Due to its focus on outputs and lack of information about inputs and processes, the goal model might be less actionable than other models

Fremont, CA: Businesses measure their organizational effectiveness to determine how well they are achieving their objectives. The measures by which professionals can measure their productivity can be based on a variety of models. A company's effectiveness can be maximized by increasing employee engagement and improving management communication.

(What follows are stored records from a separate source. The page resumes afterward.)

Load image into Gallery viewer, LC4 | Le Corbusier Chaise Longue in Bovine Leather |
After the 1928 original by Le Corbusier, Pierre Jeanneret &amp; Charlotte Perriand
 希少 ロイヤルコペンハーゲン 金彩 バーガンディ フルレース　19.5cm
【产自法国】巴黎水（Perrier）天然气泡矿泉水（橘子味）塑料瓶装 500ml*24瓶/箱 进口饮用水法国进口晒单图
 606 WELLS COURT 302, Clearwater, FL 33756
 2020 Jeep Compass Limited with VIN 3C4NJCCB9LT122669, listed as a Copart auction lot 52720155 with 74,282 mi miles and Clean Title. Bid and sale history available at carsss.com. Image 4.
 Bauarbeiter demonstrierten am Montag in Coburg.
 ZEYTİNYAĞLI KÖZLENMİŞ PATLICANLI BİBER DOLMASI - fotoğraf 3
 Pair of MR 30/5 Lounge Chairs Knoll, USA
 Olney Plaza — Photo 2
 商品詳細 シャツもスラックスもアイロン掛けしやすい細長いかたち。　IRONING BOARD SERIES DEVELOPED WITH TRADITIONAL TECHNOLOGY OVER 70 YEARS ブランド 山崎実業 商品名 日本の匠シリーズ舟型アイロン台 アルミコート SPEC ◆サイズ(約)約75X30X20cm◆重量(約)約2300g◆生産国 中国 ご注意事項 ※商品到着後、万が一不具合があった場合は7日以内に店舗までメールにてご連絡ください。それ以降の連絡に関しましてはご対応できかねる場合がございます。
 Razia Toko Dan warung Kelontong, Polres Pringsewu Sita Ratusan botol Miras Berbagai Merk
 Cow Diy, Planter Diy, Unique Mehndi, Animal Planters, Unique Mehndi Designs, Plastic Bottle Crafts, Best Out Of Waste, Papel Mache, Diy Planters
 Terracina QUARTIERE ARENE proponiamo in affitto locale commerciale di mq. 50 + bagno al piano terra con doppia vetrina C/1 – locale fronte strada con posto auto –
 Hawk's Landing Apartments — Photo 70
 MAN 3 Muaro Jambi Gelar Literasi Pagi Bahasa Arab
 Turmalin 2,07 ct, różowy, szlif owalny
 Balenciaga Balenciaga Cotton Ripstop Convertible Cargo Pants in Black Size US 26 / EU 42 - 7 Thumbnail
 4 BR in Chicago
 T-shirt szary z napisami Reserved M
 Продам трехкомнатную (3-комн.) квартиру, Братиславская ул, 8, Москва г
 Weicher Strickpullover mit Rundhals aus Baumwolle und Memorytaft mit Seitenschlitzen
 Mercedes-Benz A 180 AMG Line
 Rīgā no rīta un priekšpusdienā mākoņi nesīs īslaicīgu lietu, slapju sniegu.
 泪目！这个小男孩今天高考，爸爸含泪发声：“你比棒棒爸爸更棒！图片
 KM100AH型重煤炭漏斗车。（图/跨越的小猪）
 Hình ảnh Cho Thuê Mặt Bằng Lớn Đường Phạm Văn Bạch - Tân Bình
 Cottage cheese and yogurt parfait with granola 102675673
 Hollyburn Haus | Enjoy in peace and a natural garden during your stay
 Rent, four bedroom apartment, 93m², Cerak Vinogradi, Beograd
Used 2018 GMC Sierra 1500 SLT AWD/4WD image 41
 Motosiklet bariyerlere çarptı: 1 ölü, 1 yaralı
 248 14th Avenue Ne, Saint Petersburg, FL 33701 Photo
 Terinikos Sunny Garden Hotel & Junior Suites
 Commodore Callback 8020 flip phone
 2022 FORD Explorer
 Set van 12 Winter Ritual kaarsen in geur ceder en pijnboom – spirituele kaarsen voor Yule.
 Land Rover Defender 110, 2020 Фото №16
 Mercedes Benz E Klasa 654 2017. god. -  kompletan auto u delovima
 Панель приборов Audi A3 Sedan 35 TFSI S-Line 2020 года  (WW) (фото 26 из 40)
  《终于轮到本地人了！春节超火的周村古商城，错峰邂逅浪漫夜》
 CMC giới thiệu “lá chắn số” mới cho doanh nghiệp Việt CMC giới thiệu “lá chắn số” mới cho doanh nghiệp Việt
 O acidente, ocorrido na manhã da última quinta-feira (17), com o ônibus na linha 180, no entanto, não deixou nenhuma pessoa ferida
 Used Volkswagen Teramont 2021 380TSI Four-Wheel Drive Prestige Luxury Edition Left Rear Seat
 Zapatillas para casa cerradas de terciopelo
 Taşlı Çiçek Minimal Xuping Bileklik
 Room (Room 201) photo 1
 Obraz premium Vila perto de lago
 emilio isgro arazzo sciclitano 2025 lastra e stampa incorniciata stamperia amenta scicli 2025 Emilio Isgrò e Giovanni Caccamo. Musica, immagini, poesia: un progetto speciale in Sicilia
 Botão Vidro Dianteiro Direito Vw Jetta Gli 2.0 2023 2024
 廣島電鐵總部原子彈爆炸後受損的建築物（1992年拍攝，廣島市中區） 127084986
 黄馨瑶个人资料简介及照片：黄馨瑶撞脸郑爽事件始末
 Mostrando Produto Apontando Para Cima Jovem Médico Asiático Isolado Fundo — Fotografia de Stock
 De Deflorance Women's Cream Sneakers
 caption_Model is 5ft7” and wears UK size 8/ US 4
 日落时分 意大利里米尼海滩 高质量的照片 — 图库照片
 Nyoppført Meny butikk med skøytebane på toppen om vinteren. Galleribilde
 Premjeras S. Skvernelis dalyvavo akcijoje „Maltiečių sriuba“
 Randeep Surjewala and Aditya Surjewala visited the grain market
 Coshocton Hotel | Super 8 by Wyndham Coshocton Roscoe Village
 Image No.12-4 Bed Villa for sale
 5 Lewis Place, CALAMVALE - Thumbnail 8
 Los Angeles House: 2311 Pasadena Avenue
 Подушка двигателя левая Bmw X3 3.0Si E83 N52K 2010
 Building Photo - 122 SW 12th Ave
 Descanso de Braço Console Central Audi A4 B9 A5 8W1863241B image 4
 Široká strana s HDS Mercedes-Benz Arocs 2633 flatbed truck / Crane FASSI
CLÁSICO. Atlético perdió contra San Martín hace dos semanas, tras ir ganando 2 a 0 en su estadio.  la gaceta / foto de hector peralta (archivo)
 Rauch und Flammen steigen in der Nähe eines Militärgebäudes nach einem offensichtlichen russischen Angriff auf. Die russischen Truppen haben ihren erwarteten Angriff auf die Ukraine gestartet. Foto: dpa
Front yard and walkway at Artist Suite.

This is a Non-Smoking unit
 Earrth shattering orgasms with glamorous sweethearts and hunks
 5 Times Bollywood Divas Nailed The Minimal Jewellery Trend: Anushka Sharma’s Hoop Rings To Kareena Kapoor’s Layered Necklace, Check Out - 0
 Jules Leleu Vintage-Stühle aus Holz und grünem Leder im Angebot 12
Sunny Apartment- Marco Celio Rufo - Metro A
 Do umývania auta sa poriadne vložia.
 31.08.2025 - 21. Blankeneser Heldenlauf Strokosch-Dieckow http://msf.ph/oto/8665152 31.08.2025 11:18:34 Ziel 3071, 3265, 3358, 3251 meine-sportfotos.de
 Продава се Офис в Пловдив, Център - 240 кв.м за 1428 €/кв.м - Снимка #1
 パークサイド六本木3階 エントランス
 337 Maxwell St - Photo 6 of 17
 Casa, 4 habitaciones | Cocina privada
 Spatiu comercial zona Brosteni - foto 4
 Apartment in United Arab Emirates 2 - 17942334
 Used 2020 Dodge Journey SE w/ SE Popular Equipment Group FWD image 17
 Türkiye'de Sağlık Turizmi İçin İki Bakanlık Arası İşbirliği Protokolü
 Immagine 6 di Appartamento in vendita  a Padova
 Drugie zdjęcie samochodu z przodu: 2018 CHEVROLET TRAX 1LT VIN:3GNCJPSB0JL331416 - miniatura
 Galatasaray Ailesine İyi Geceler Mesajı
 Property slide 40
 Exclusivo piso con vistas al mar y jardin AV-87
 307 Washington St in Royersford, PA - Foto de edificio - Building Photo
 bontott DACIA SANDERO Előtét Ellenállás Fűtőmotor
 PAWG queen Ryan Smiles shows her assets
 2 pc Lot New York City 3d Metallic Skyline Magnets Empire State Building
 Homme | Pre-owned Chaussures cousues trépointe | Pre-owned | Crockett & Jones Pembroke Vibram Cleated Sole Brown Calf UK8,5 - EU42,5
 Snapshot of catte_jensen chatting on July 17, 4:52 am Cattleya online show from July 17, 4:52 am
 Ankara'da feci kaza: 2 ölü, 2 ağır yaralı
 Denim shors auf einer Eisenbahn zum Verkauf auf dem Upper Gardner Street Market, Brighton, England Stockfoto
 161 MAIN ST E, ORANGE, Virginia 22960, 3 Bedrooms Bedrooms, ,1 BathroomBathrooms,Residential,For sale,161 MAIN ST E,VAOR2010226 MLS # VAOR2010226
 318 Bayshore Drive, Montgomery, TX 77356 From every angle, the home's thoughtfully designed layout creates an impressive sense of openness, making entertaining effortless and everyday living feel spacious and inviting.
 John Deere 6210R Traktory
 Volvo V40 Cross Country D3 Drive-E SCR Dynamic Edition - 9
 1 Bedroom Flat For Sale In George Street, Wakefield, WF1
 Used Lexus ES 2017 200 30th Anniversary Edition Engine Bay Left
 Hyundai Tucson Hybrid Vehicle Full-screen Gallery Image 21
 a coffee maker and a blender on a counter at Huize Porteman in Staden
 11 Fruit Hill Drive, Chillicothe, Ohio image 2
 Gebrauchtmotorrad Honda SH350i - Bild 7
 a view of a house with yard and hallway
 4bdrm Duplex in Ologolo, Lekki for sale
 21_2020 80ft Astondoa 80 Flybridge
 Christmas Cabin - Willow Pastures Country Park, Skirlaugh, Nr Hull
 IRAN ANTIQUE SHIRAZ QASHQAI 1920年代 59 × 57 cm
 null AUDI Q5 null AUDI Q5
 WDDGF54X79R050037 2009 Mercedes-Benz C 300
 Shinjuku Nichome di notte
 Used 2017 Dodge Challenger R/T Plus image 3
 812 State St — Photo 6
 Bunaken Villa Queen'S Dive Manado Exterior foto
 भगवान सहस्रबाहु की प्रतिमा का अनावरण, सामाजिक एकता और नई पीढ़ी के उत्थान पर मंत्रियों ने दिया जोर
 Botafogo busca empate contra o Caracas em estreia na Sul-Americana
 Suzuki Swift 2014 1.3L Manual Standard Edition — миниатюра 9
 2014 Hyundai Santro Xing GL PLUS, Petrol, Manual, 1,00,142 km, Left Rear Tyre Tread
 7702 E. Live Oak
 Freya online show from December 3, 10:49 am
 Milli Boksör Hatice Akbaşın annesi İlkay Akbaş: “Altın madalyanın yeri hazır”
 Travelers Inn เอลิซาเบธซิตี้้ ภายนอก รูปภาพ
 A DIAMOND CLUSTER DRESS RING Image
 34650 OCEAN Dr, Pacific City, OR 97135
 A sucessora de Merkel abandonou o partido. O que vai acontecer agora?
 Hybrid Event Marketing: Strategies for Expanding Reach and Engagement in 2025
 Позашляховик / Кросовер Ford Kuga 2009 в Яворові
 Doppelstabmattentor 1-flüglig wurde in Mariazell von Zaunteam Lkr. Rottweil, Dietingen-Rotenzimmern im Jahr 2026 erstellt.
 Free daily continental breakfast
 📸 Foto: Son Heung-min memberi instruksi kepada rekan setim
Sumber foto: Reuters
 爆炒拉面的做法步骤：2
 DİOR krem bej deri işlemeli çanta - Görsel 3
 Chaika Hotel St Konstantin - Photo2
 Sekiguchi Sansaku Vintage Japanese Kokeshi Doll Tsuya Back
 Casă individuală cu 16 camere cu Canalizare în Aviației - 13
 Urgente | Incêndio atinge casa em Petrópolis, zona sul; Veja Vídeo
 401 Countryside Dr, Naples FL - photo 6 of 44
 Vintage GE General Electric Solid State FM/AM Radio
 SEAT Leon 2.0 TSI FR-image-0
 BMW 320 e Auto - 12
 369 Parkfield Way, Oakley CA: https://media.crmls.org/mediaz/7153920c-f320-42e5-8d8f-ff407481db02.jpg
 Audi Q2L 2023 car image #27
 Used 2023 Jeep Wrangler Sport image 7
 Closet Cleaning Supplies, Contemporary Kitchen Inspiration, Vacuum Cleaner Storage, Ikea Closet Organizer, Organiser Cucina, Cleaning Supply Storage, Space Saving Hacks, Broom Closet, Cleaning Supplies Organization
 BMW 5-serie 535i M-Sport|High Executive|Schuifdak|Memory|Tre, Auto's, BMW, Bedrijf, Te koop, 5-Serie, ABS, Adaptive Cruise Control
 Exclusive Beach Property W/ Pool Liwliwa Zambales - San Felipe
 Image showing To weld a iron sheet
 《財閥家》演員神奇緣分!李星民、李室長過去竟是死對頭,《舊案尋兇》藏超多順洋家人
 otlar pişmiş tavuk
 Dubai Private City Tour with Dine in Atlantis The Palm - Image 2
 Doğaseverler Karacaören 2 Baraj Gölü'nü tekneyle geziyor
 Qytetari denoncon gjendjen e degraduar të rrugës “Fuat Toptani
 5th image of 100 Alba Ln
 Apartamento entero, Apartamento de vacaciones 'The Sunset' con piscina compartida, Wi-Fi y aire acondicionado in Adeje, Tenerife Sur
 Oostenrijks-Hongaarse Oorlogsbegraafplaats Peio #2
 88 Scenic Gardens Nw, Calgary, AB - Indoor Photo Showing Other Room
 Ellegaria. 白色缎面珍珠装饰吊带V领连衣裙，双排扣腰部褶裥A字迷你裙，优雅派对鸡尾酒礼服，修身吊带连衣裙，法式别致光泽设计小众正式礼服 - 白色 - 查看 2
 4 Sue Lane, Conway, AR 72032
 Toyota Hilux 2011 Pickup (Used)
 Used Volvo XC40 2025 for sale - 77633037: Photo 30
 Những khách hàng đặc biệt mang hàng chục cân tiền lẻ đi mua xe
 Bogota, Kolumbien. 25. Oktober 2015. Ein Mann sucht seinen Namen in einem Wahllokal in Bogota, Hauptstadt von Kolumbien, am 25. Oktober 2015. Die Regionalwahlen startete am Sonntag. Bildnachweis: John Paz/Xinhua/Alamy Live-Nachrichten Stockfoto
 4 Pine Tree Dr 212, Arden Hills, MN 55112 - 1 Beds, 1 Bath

A successful organization is one that achieves its goals. An organization may have external goals, such as creating a quality product, or internal goals, such as improving communications within the organization. The effectiveness of an organization is determined by analyzing a number of factors within the organization, such as how well employees perform, the efficiency of a business process, and looking for ways to improve it. If an organization defined its goal as increasing subscribers by 10%, its effectiveness could be determined by how many more subscribers it received.

Here is some organizational effectiveness models businesses use:

Internal process model

Organizations that follow the internal process model focus on internal protocols and processes to function efficiently. They may be able to improve their operations and increase their productivity by optimizing processes. Having a thorough process for documentation and the appropriate equipment to enable functions are ways to accomplish this.

Goal model

In goal models, organizations focus on achieving their goals. In order to measure an organization's effectiveness, this is the traditional model. From reaching a financial target to creating a particular societal impact, an organization can set various goals. Due to its focus on outputs and lack of information about inputs and processes, the goal model might be less actionable than other models.

Resource-based model

By evaluating their inputs, resource-based organizations measure their effectiveness. Based on this theory, companies can become successful if they have access to the resources they need. 

 Strategic constituency model

The strategic constituency model involves measuring a company's ability to meet the needs of its environment in order to evaluate their success. This approach aims to raise companies' standards to meet those who control their success. A business's constituencies can include its owners, employees, customers, suppliers, or government, as each of these groups can influence the organization's survival.

Abundance model

An abundance model examines an organization's impact on humanity to determine its effectiveness. In this approach, effectiveness means prioritizing appropriate beliefs in order to maximize the capabilities of employees.

Competing values model

Using a competing values model, organizations determine their effectiveness by creating competing values. Using competing values frameworks such as Cameron and Quinn's, this approach focuses on different key values.